Calcite 使用 JavaCC 做 SQL 解析,JavaCC 根据 Calcite 中定义的 Parser.jj 文件,生成一系列的 java 代码,生成的 Java 代码会把 SQL 转换成 SqlNode。
Flink 除了Calcite 中 Parser.jj 文件中的语法,还有定制的 Freemarker 模板。JavaCC 编译后生成
FlinkSqlParserImpl
及其附属的类。
DDL 的 SqlNode 打印如下:
FlinkPlannerImpl
二:sql 校验
Parser 将 SQL 语句解析成 SqlNode,接下来就是校验 SqlNode以及将 SqlNode 转换成 Operation。
// org.apache.flink.table.api.internal.TableEnvironmentImpl#TableEnvironmentImpl
this.catalogManager.setCatalogTableSchemaResolver(
new CatalogTableSchemaResolver(planner.getParser(), isStreamingMode));
// org.apache.flink.table.planner.operations.SqlToOperationConverter#convert
public static Optional<Operation> convert(
FlinkPlannerImpl flinkPlanner, CatalogManager catalogManager, SqlNode sqlNode) {
// 一:SQL 语义校验
final SqlNode validated = flinkPlanner.validate(sqlNode);
// 二:SqlNode -> Operation
SqlToOperationConverter converter =
new SqlToOperationConverter(flinkPlanner, catalogManager);
if (validated instanceof SqlCreateCatalog) {
return Optional.of(converter.convertCreateCatalog((SqlCreateCatalog) validated));
......
// RichSqlInsert 类型
else if (validated instanceof RichSqlInsert) {
SqlNodeList targetColumnList = ((RichSqlInsert) validated).getTargetColumnList();
if (targetColumnList != null && targetColumnList.size() != 0) {
throw new ValidationException("Partial inserts are not supported");
}
return Optional.of(converter.convertSqlInsert((RichSqlInsert) validated));
// org.apache.flink.table.planner.calcite.FlinkPlannerImpl
def validate(sqlNode: SqlNode): SqlNode = {
val validator = getOrCreateSqlValidator()

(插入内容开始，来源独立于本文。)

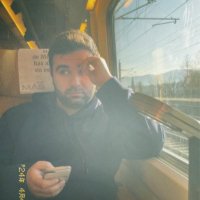 Sergio (@perezzzkoalaaa) 's Twitter Profile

validate(sqlNode, validator)
}
def getOrCreateSqlValidator(): FlinkCalciteSqlValidator = {
if (validator == null) {
val catalogReader = catalogReaderSupplier.apply(false)
validator = createSqlValidator(catalogReader)
}
validator
}
private def validate(sqlNode: SqlNode, validator: FlinkCalciteSqlValidator): SqlNode = {
try {
sqlNode.accept(new PreValidateReWriter(
validator, typeFactory))
// do extended validation.
sqlNode match {
case node: ExtendedSqlNode =>
node.validate()
case _ =>
}
// DDL,insert,show sql语句不用参与 SQL 校验
if (sqlNode.getKind.belongsTo(SqlKind.DDL)
|| sqlNode.getKind == SqlKind.INSERT
|| sqlNode.getKind == SqlKind.CREATE_FUNCTION
|| sqlNode.getKind == SqlKind.DROP_FUNCTION
|| sqlNode.getKind == SqlKind.OTHER_DDL
|| sqlNode.isInstanceOf[SqlShowCatalogs]
|| sqlNode.isInstanceOf[SqlShowCurrentCatalog]
|| sqlNode.isInstanceOf[SqlShowDatabases]
|| sqlNode.isInstanceOf[SqlShowCurrentDatabase]
|| sqlNode.isInstanceOf[SqlShowTables]
|| sqlNode.isInstanceOf[SqlShowFunctions]
|| sqlNode.isInstanceOf[SqlShowViews]
|| sqlNode.isInstanceOf[SqlShowPartitions]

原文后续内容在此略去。